═══ Dataset section

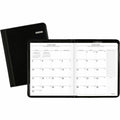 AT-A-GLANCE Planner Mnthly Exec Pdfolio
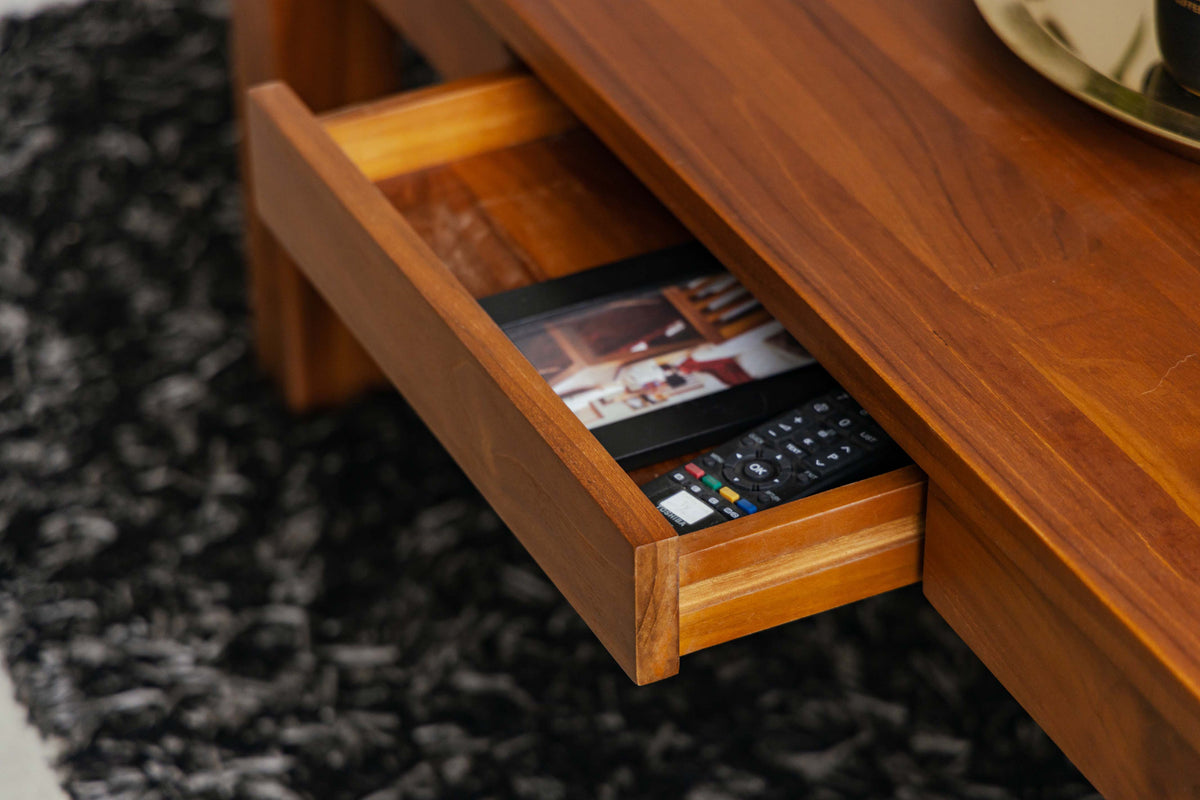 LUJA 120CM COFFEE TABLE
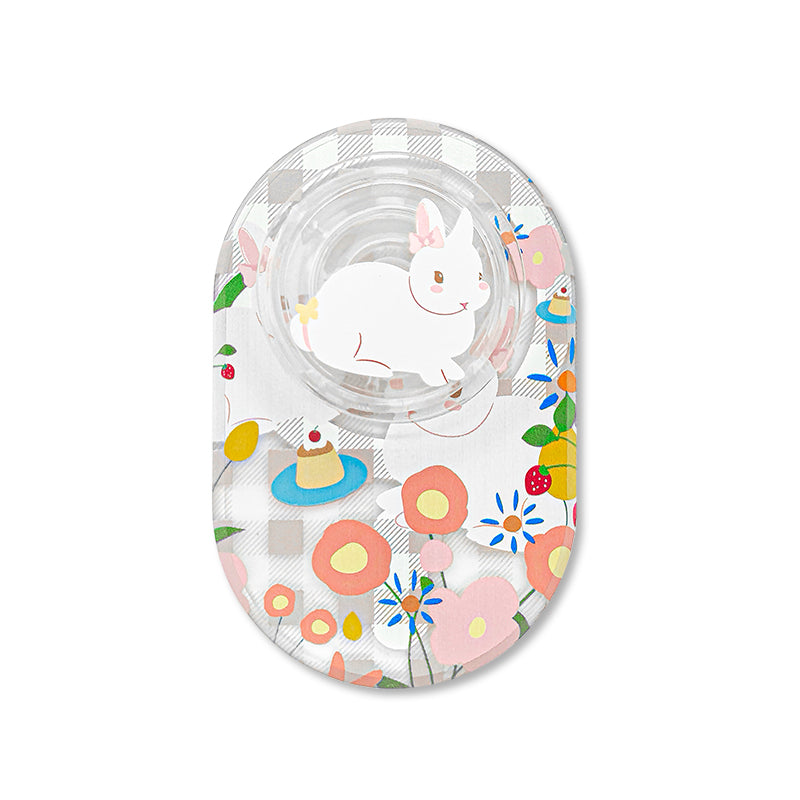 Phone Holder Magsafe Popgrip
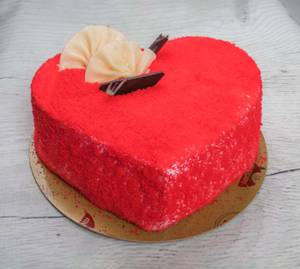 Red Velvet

══════

Exercise brief:
Everything in the data except the pictures should be restated word for word.

Written answer:
 AT-A-GLANCE Planner Mnthly Exec Pdfolio
 LUJA 120CM COFFEE TABLE
 Phone Holder Magsafe Popgrip
 Red Velvet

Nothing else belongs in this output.